Your objective: The part below that opens with the line containing "Lemur | THAT" and closes with the line containing "Antike Ernst Haeckel" should be copied exactly, minus any pictures.

Material shown:
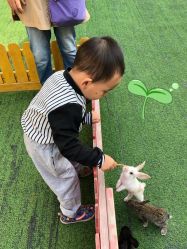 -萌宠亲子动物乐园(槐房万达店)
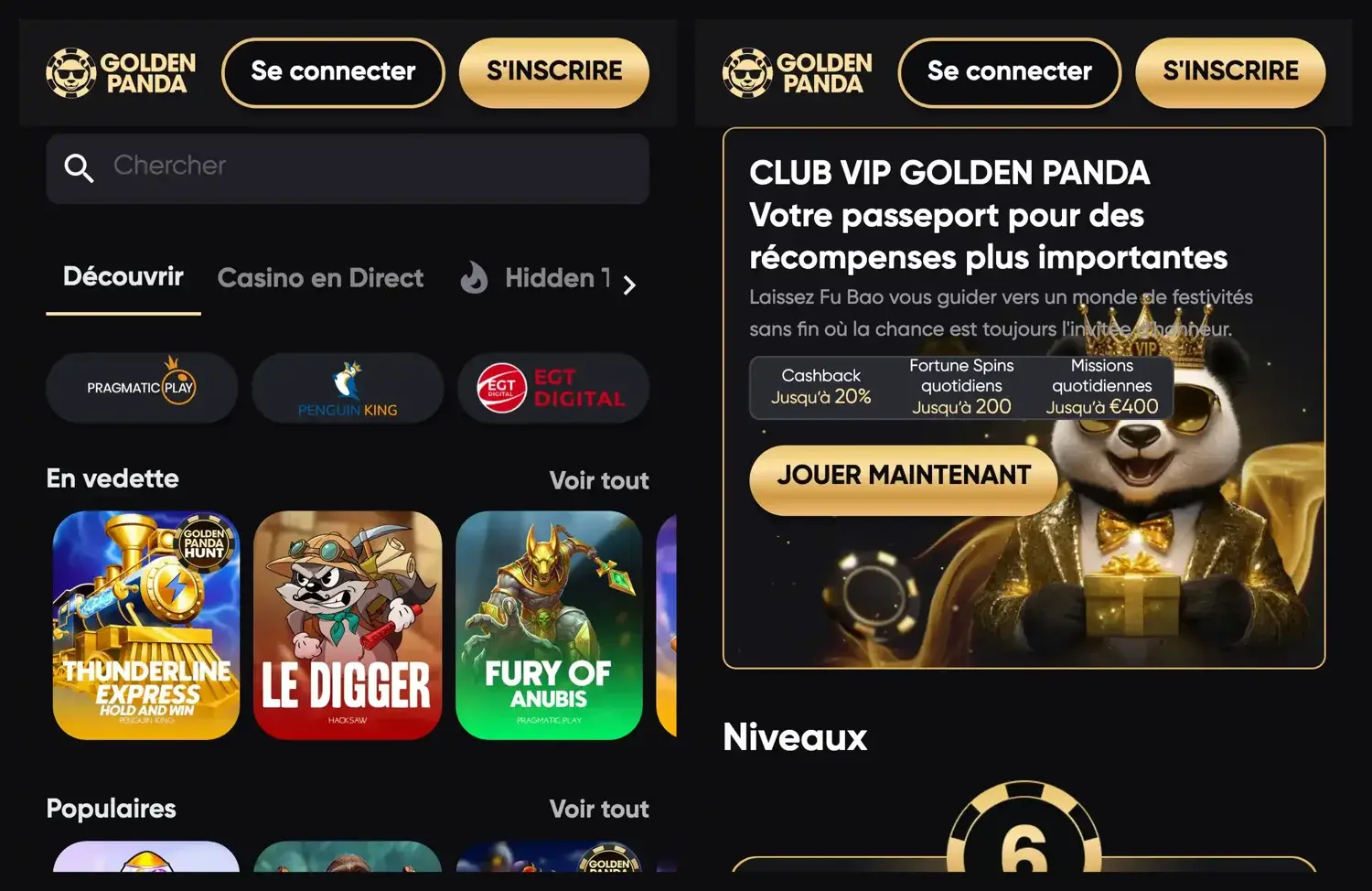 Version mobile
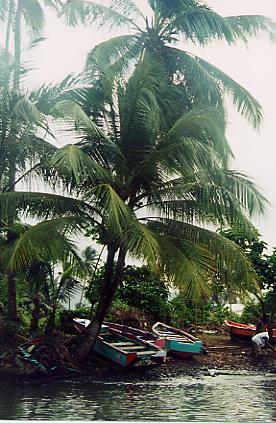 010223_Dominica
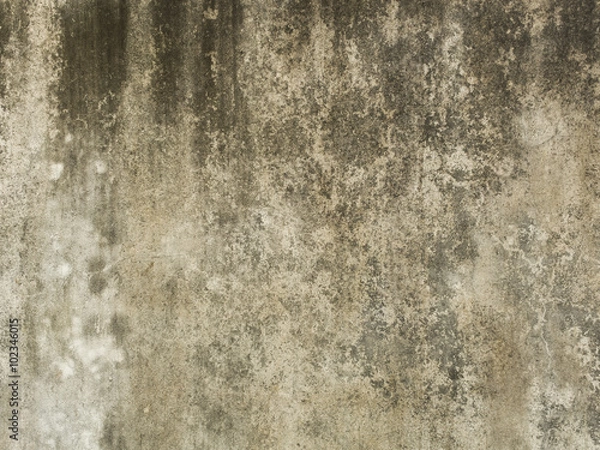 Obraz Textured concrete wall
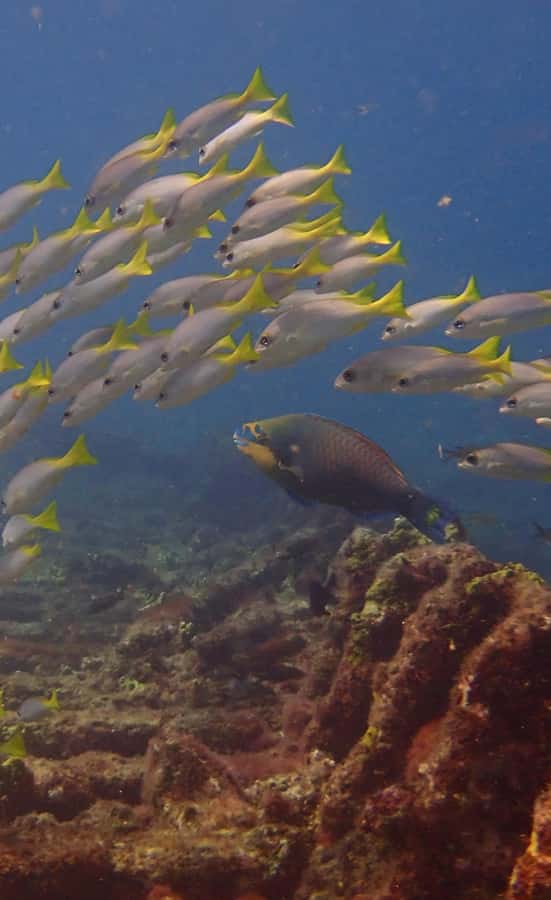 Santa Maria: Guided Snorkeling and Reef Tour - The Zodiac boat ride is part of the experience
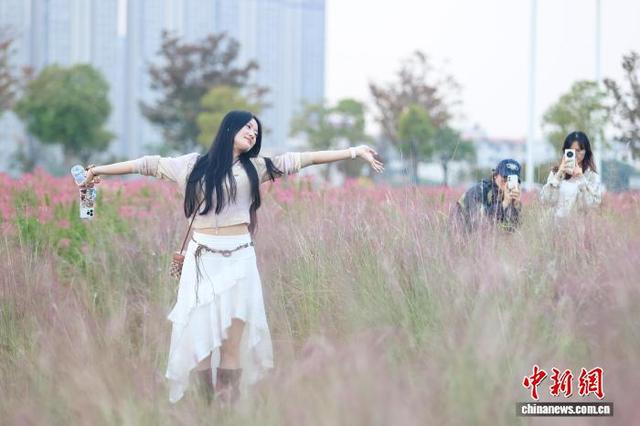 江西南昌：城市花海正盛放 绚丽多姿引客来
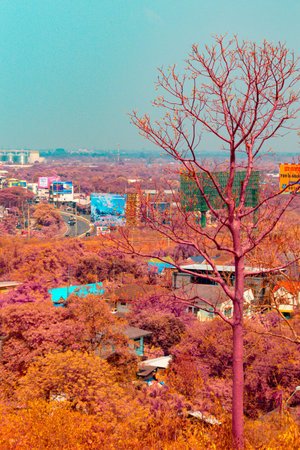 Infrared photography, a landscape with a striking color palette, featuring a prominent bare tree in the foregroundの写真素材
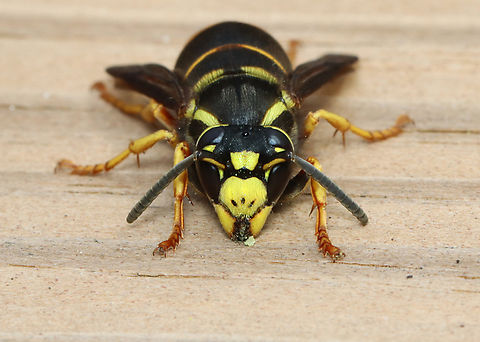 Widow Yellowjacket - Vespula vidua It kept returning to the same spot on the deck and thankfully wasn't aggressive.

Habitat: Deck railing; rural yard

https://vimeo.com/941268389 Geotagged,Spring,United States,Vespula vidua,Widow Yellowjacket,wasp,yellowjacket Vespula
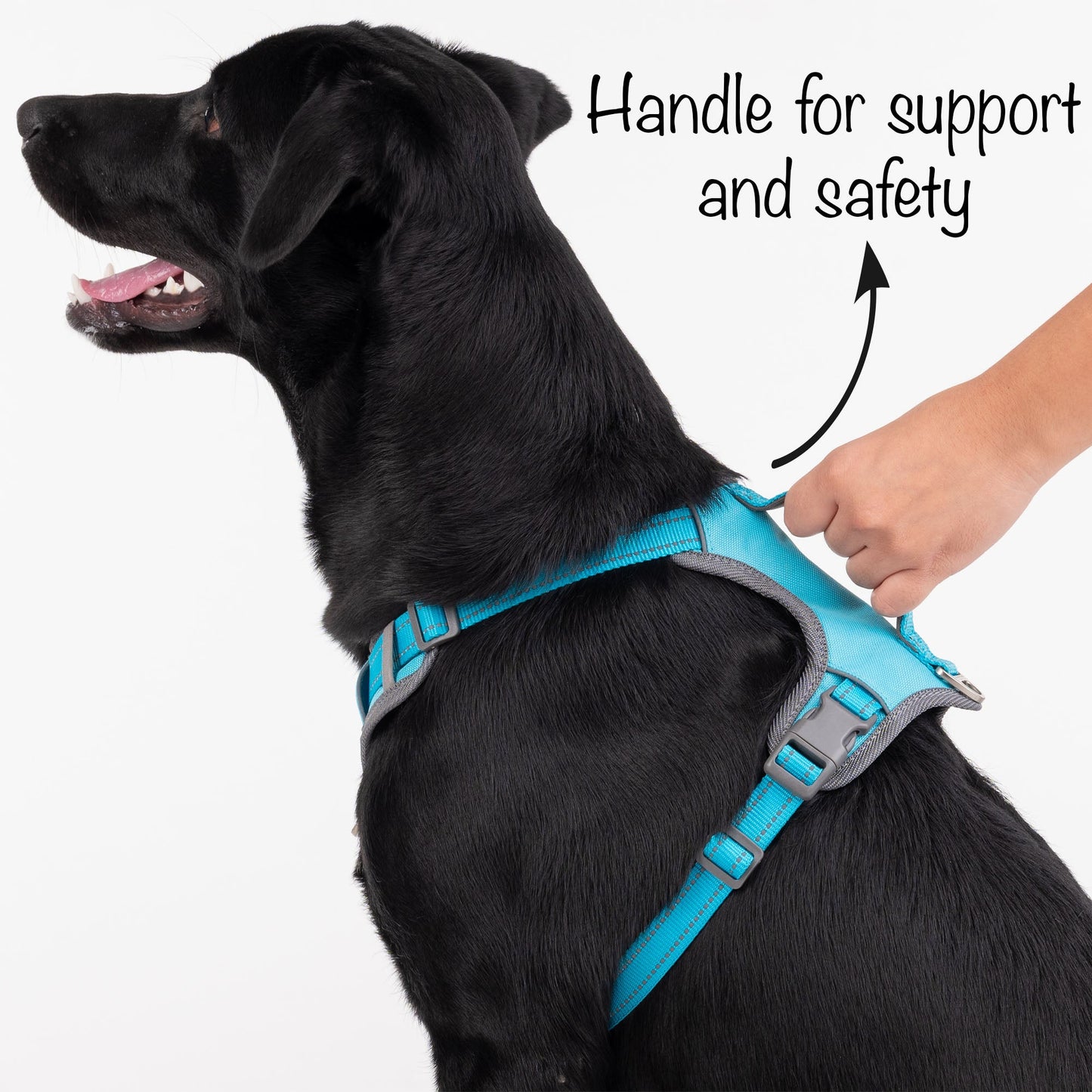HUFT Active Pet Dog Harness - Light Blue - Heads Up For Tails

--

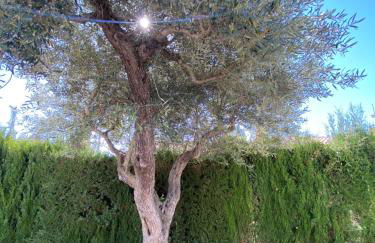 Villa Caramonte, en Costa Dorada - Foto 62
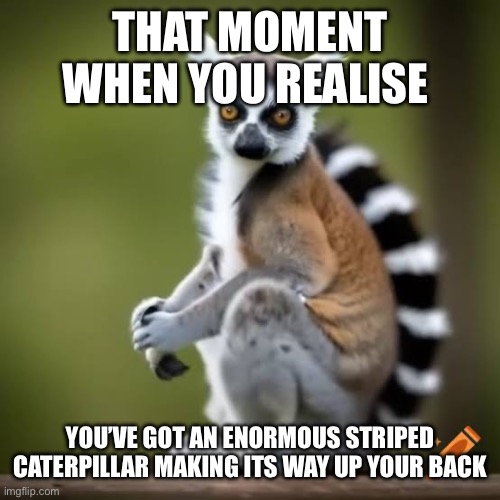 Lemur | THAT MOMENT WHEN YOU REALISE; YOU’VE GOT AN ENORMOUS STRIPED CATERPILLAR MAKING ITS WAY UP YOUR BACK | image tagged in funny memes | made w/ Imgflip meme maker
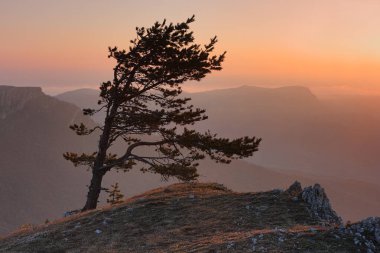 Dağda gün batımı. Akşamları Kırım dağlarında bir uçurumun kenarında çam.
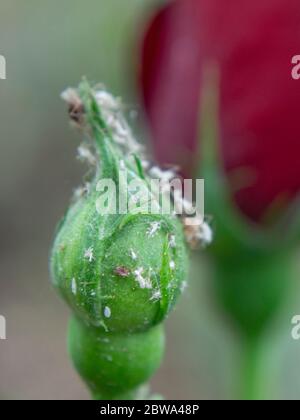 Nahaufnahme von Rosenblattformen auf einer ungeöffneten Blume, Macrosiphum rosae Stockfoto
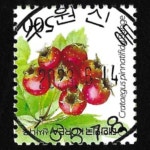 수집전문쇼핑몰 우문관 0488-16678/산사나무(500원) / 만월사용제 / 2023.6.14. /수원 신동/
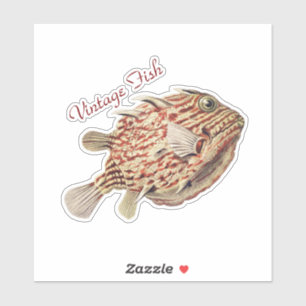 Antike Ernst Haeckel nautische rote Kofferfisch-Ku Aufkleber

Result:
 Lemur | THAT MOMENT WHEN YOU REALISE; YOU’VE GOT AN ENORMOUS STRIPED CATERPILLAR MAKING ITS WAY UP YOUR BACK | image tagged in funny memes | made w/ Imgflip meme maker
 Dağda gün batımı. Akşamları Kırım dağlarında bir uçurumun kenarında çam.
 Nahaufnahme von Rosenblattformen auf einer ungeöffneten Blume, Macrosiphum rosae Stockfoto
 수집전문쇼핑몰 우문관 0488-16678/산사나무(500원) / 만월사용제 / 2023.6.14. /수원 신동/
 Antike Ernst Haeckel nautische rote Kofferfisch-Ku Aufkleber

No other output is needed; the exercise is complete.